Внезапно порыв ветра непобедимой силы сорвал задвижки, распахнул дверь, опрокинул и потушил лампу и разбил стол.

Как бы крепко ни спал Шико, просыпаясь, он сразу обретал присутствие духа. Итак, пробудившись, он скользнул за кровать и быстро схватил левой рукой мешочек с деньгами, а правой — рукоять шпаги.

Шико широко раскрыл глаза — непроглядная тьма. Тогда он насторожил уши, и ему показалось, что во тьме буквально свирепствуют четыре ветра, а по полу катаются стулья, сталкиваясь и задевая другую мебель.

Среди этого содома Шико чудилось, что четыре ветра ворвались к нему, так сказать, во плоти, что он имеет дело с Эвром, Нотом, Аквилоном и Бореем, с их толстыми щеками и в особенности с их огромными ногами.

Смирившись, понимая, что с олимпийскими богами ничего не поделаешь, Шико присел в углу за кроватью, подобно сыну Оилея после одного из приступов его ярости, как о том повествует Гомер. [39]

Но после нескольких минут самого ужасающего грохота, который когда-либо раздирал человеческий слух, Шико воспользовался затишьем и принялся кричать изо всех сил:

— На помощь!

Наконец стихии успокоились, точно Нептун собственной персоной произнес свое знаменитое «Quos ego!». [40] Эвр, Hot, Борей и Аквилон, видимо, отступили, и появился хозяин с фонарем.

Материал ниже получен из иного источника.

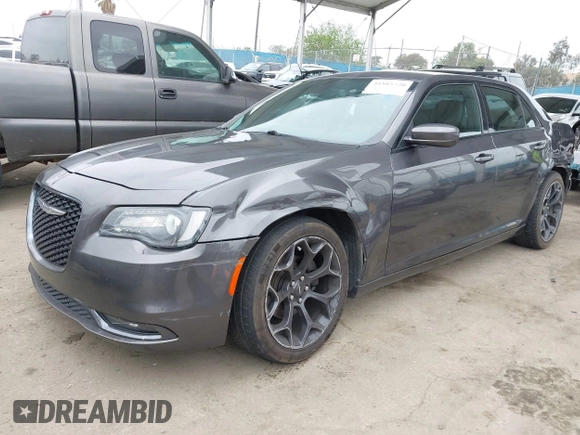 2019 Chrysler 300 S z VIN 2C3CCABGXKH708182, wystawiony jako IAAI lot #41885720 z przebiegiem 88 871 mil mil oraz . Historia ofert i sprzedaży dostępna na DreamBid. Obrazek 2.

Комната имела весьма плачевный вид и напоминала поле сражения. За огромным шкафом, поваленным на разбитый стол, висела сорванная с петель дверь, стулья были опрокинуты, и ножки их торчали вверх; фаянсовая посуда лежала разбитая на плиточном полу.

— Да у вас здесь сущий ад! — воскликнул Шико, узнав хозяина при свете фонаря.

— Что случилось, сударь? — воскликнул хозяин, увидев произведенные разрушения. И он поднял к небу руки, а следовательно, и фонарь.